O Islão : religião ou ideologia ?
Após os atentados de 11-de-Setembro atribuídos à Alcaida, uma violenta polémica agitou Washington: eram, ou não, os grupos terroristas representativos do Islão? Se sim, convinha considerar todos os muçulmanos como inimigos da pátria. Se não, podia-se estabelecer uma distinção entre muçulmanos «moderados» e «extremistas».
Entretanto, os Britânicos empregavam os mesmos termos com um outro significado: os «moderados» são muçulmanos «moderadamente anti-imperialistas», como o Hamas, que não vê nenhuma objeção de ordem política a Israel, mas que unicamente recusa que muçulmanos sejam governados por judeus; enquanto os «extremistas» são muçulmanos «extremamente anti-imperialistas' como o Hezbolla que coloca em causa a vitória do Estado colonial israelita sobre os árabes.
A polémica atingiu o seu pico, em Junho de 2006; aquando de uma conferência do New York Metro InfraGard. Um agente e perito do FBI, William Gawthrop, garantiu que é inútil distinguir entre os diferentes grupos terroristas muçulmanos, uma vez que todos se baseiam na mesma ideologia, o Islão.
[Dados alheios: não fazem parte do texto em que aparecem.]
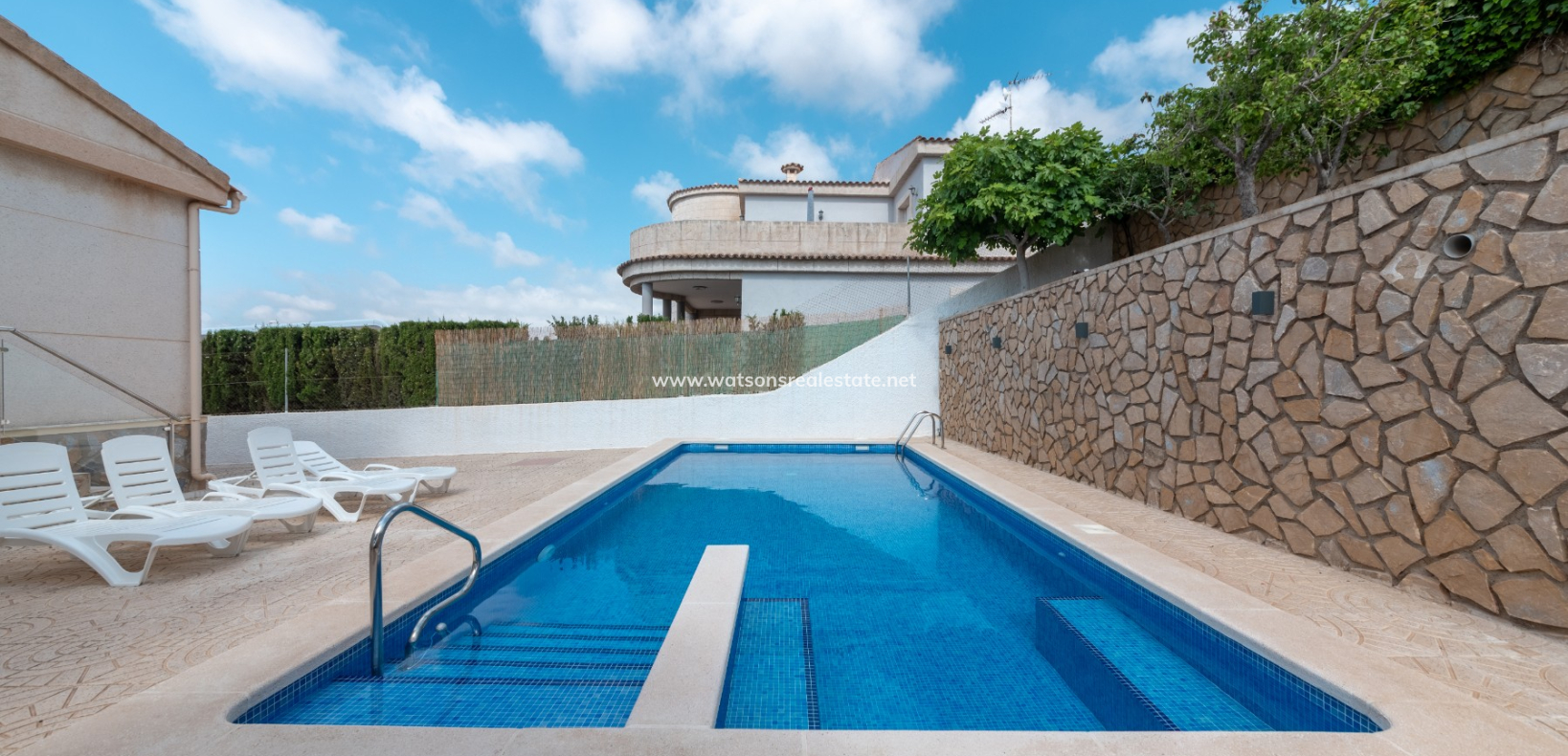 Resale - Freistendhe Villa - Urb. La Escuera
Descobriram-se então cinco documentos internos do FBI [1]. Destinados à formação dos seus agentes, eles consideravam que quanto mais «islamista» se é, mais se é potencialmente «radical», e que o Profeta Maomé fora o líder de uma seita violenta. Gawthrop apoiou-se num estudo indiscutível do Corão, os Hadits e nos principais textos teológicos. Ele demonstrava que, ao longo de toda a História, teólogos das quatro principais escolas sunitas defenderam a guerra contra os infiéis... embora não os pensadores da escola xiita. Além disso, Gawthrop era também instrutor do CIFA (Counterintelligence Field Activity-ndT), no Departamento da Defesa. Aí, ele pressionou para o estudo de Maomé enquanto chefe militar.
Esta polémica não era nova. Por um lado, desde 1953 e da recepção a Said Ramadan pelo Presidente Eisenhower, a CIA e o Departamento de Defesa trabalharam no estrangeiro com os partidários do islão político, os Irmãos Muçulmanos. Por outro lado, durante a segregação racial, fora admitido que os descendentes dos escravos pudessem ser muçulmanos, mas não seria suposto que colocassem reivindicações políticas. Em 1965, o líder político negro e muçulmano Malcolm X foi assassinado, provavelmente com a ajuda encoberta do FBI. Agonizante no chão, ele tentou dar à sua secretária, momentos antes de morrer, uma mensagem para Saïd Ramadan.
Como resposta a esse ponto de vista, uma proeminente figura muçulmana dos EUA, Salam Al-Marayati, ameaçou apelar para o fim de toda a cooperação com o FBI [2].
Imediatamente, o adjunto do Procurador-geral, James Cole; interditou o conjunto de documentos sobre este assunto, não somente no FBI, mas em todas as jurisdições.
Salvo que os documentos do FBI estavam concebidos para cursos onde os instrutores especificavam, longamente, que eles não se referiam ao Islão enquanto religião, mas, sim enquanto ideologia política [3].
Os Estados Unidos : país de liberdade religiosa ou de Islamofobia ?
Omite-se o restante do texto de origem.